Pode ainda intentar uma acção para reconhecimento de um direito ou interesse legalmente protegido, nos termos do CPTA.


Uma outra via é a defendida entre nos por Gomes Canotilho e Carla Amado Gomes de uma acção de responsabilidade civil por factos ilícitos contra a Administração, pela omissão indevida de fiscalização da actividade industrial previamente autorizada e das respectivas emissões – artigo 2/2 alínea a) do CPTA de onde se retira ser utilizável a acção comum de reconhecimento de situações jurídicas subjectivas directamente decorrentes de normas jurídico administrativas ou de actos jurídicos administrativos, por quem alegar ser titular de um direito subjectivo, tratando-se de uma acção de simples apreciação, seguindo os tramites da acção comum. Deve no entanto o particular titular do direito subjectivo cumular com este pedido, uma acção administrativa comum de condenação da administração à prática de actos e operações necessários ao restabelecimento da situação jurídica nos termos do artigo 2/2 alínea j) do CPTA. E eventualmente caberá ainda ao vizinho, na medida em que o cumprimento do dever de controlo da actividade autorizada se traduza na emissão de actos administrativos, justifica-se a proposição da acção administrativa especial de condenação da administração à pratica de acto legalmente devido, nos termos do disposto nos artigos 2/2 alínea i), 46º e 66º.
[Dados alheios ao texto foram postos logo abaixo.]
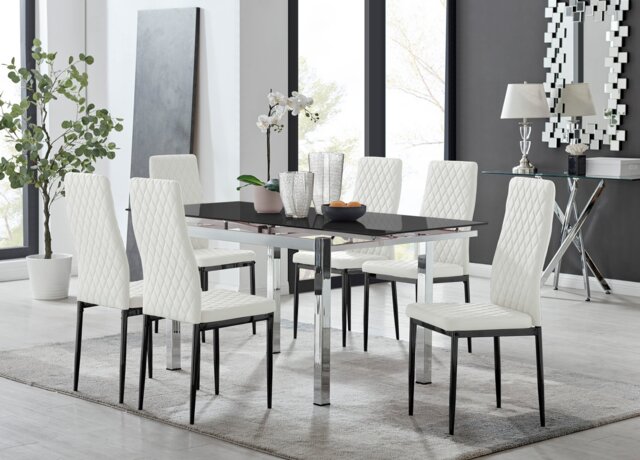 Enna Black Glass Extending Dining Table and 6 Milan Black Leg Chairs - image 1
Finalmente, tal como ocorrerá numa hipótese de actuação administrativa ilegal (ponto 2.1), também perante uma omissão indevida da administração o terceiro vizinho dispõe, nos termos dos artigos 109º e SS. do CPTA, da acção de intimação para protecção de direitos, liberdades e garantias, a qual poderá ser dirigida contra o próprio particular lesante, como decorre do art. 109/2 do mesmo diploma.